Tenía solo doce años. Aún era una niña. Aún era esclava.
Y un día le ordenaron hacer lo impensable: atar a un hombre que había intentado escapar.
Harriet Tubman se negó.
El hombre lo intentó de nuevo. Y Harriet se interpuso, no para detenerlo… sino para ayudarlo. Un guardia le lanzó una pesa de hierro de más de dos kilos. Falló su objetivo. Pero golpeó de lleno la cabeza de Harriet.
Cayó al suelo. Inconsciente. Sangrando.
Desde aquel día, sufrió ataques epilépticos, visiones, migrañas intensas. Y una especie de somnolencia que podía dejarla dormida de pie, en medio de una frase. Por el resto de su vida.
Pero ni siquiera eso la detuvo.
A los veinte años, cuando supo que iba a ser vendida, huyó.

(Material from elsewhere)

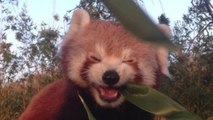 Adorable red panda has the time of his life eating bamboo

De noche. Con sus hermanos. Pero ellos regresaron. Ella no. Caminó 145 kilómetros sola, en la oscuridad del bosque, siguiendo las estrellas y la esperanza.
Y cuando al fin cruzó la frontera y fue libre, dijo:
> “Me miré las manos para ver si seguía siendo la misma persona, ahora que era libre. Había tanta luz sobre todo… Me sentí en el cielo.”
Muchos se habrían detenido allí. Harriet no.
Regresó.
Una y otra vez. Primero por su familia. Luego por extraños. En total, lideró 13 misiones de rescate a través del Ferrocarril Subterráneo. Salvó a más de 70 personas. Ninguna fue capturada.
> “Nunca he descarrilado mi tren. Y nunca he perdido a un pasajero.”
Medía apenas metro y medio. Tenía una herida en la cabeza. Y una voluntad indomable.
No solo escapó de la esclavitud. Se convirtió en el faro de muchos. En plena oscuridad, fue luz.
Una mujer libre. Una leyenda. Un símbolo de resistencia.